El pasado día 7 de noviembre se le concedió el premio Cervantes a Luis Mateo Díez, el único escritor español que ha obtenido en dos ocasiones el Premio de la Crítica y el Premio Nacional de Narrativa.
«Escribir una novela es culminar una obsesión», afirmaba Luis Mateo Díez (Villablino, León, 1942) en un ensayo integrado en el Estudio de la creatividad literaria que preparó Anthony Percival en 1997 para la editorial Lumen.
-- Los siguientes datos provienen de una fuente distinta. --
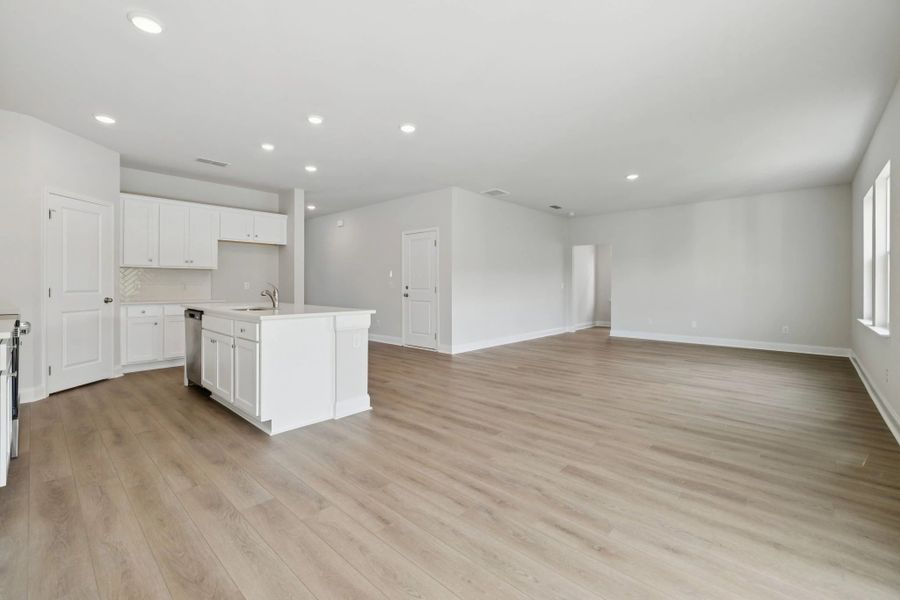 Spacious, unfurnished interior of a new home in Cades Bluff, Lebanon (Image 26).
Entonces, si un solo texto narrativo es susceptible de desencadenar un instinto obsesivo de escritura, qué no hará una serie de relatos que vayan configurando un mundo aislado, una geografía imaginada al detalle y construida con palabras y memoria. Mateo Díez sintió la llamada de un lugar real lleno de muertos, y entendió que debía llamarlo Celama y presentarlo en la novela corta El espíritu del Páramo (1996), la semilla para que creciera La ruina del cielo (1999), el centro de un reino que concluiría con El oscurecer (2002).
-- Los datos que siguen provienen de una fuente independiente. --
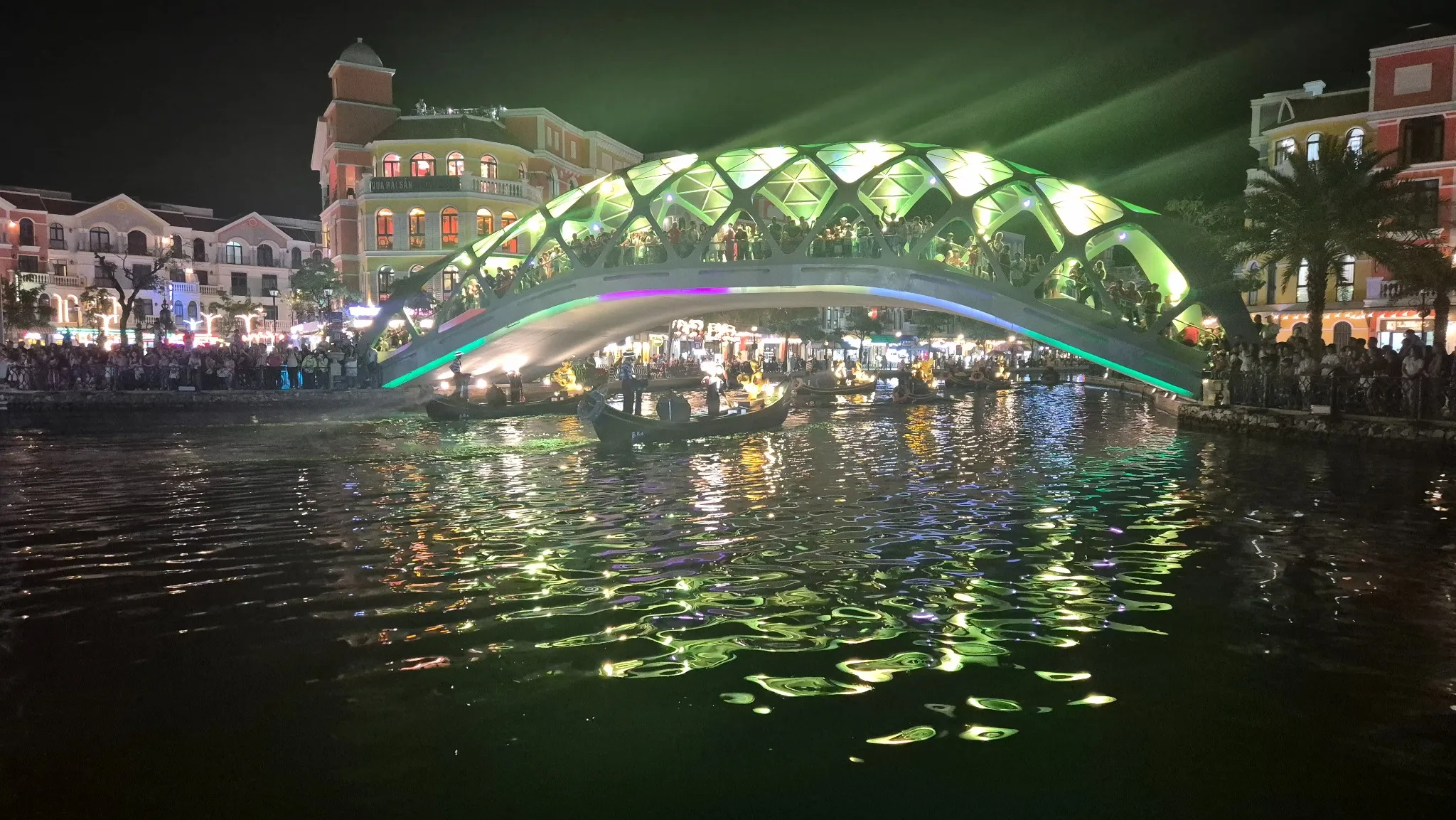 녹색 아치 조명 다리 &amp; 보트 퍼레이드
Que una obsesión artística no se contente con una sola historia, sino que requiera más argumentos complementarios, no es algo ajeno al escritor, el cual, bajo el título El pasado legendario (Alfaguara, 2000), ya había reunido «una zona de mi obra, jalonada por una serie de títulos que, a estas alturas, ya conforman un universo cerrado sobre el que difícilmente volveré», como decía el autor a modo de justificación. En dicho volumen aparecían Apócrifo del clavel y la espina (1977), Relato de Babia (1981), Brasas de agosto (1989), Los males menores (1993) y Días del desván (1997), es decir, novelas y cuentos que recorrían las diferentes etapas de su trayectoria literaria y que, una vez analizados con la distancia que dan los años, transparentaban un lema común: la leyenda.
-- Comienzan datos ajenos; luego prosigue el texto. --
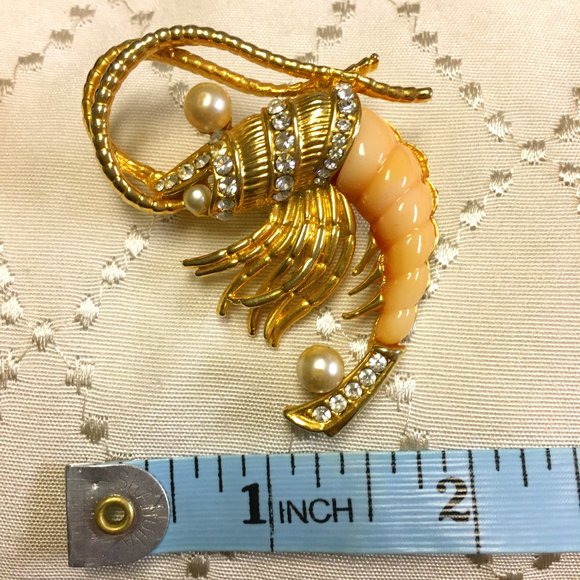 Hattie Carnegie Vintage Crawfish Rhinestone and Pearl Brooch - Picture 5 of 7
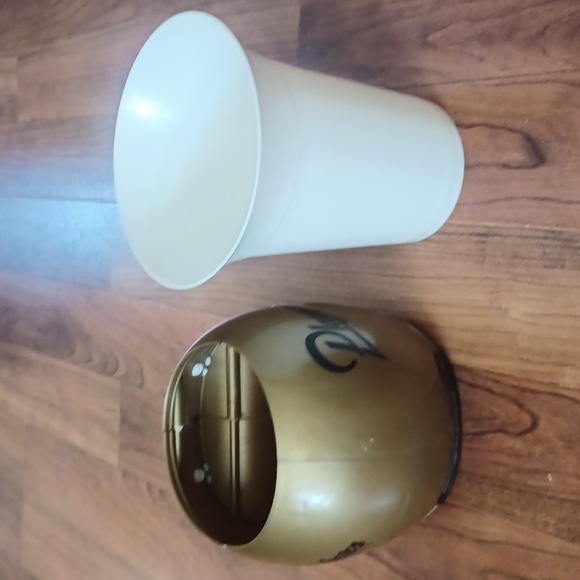 Playmakers Sport Bar & Arcade helmet with plastic cup - Picture 4 of 6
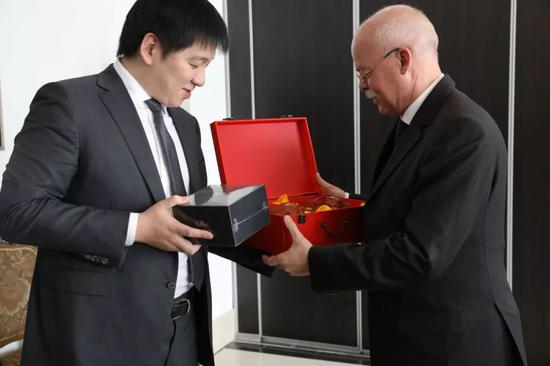 ▲秦牧原与葛策交换礼物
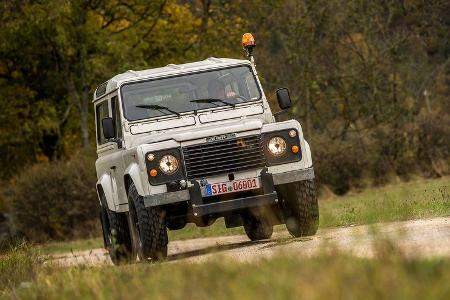 Land-Rover-90-V8-Front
Resulta obligatorio detenerse en esta palabra en el caso de un escritor que maneja el vocabulario castellano con una conciencia ejemplar y una responsabilidad lingüística, por desgracia, poco frecuente en nuestras letras. Mateo Díez –licenciado en Derecho y funcionario jubilado del Ayuntamiento de Madrid– habla de lo «legendario» en el sentido que remite al pasado y a su prolongación fantástica, un camino paralelo con un tiempo, un terreno y un destino propios; en definitiva: «El pasado revierte en lo legendario con la materia modificada del recuerdo, sin que el recuerdo sea ya el aval de lo que pasó, sino la metáfora de lo sucedido y, como tal, una imagen literaria, una fabulación.» A partir de ese momento, narrar significará descubrir, y esa estela cervantina marcará cada página de Mateo Díez, tan interesado en la literatura popular y la tradición oral que su estilo parece haber adquirido la sobria magia de las historias que escuchaba de niño y a las que se refiere a menudo.
Territorios de leyenda
Comprendemos, por tanto, que para el narrador —que, dicho sea de paso, también ha publicado poemarios— esta unidad interna es una presencia constante en su labor artística. Así, su invención más atractiva sin duda, La fuente de la edad, publicada en 1986 y galardonada con el premio de la Crítica y el Nacional de Literatura, como después ocurrirá con La ruina del cielo, forma a su vez una trilogía con Las estaciones provinciales (1982) y El expediente del náufrago (1992). De este modo lo observa, al menos, José María Merino en el prólogo a la edición de Austral de ese maravilloso viaje, en busca de la fuente cuya agua devuelve la juventud perdida, que emprendían los Cofrades de Nuestro Benéfico y Alcohólico Padre Gerónides.
En contraste con estos apuntes, Mateo aclara en el apéndice del libro El reino de Celama(Areté, 2003): «Celama no tiene leyenda, no contó con esa aureola con que lo legendario envuelve a lo real.» He ahí la sutil diferencia: Celama, en realidad, incluye mitos, y la relación de que el particular espacio imaginario de la infancia tiene una conexión directa con su correspondencia universal. Se trata de un refugio mitológico como el creado por Faulkner, Onetti, Benet o García Márquez; ¿o acaso estos edificaron leyendas?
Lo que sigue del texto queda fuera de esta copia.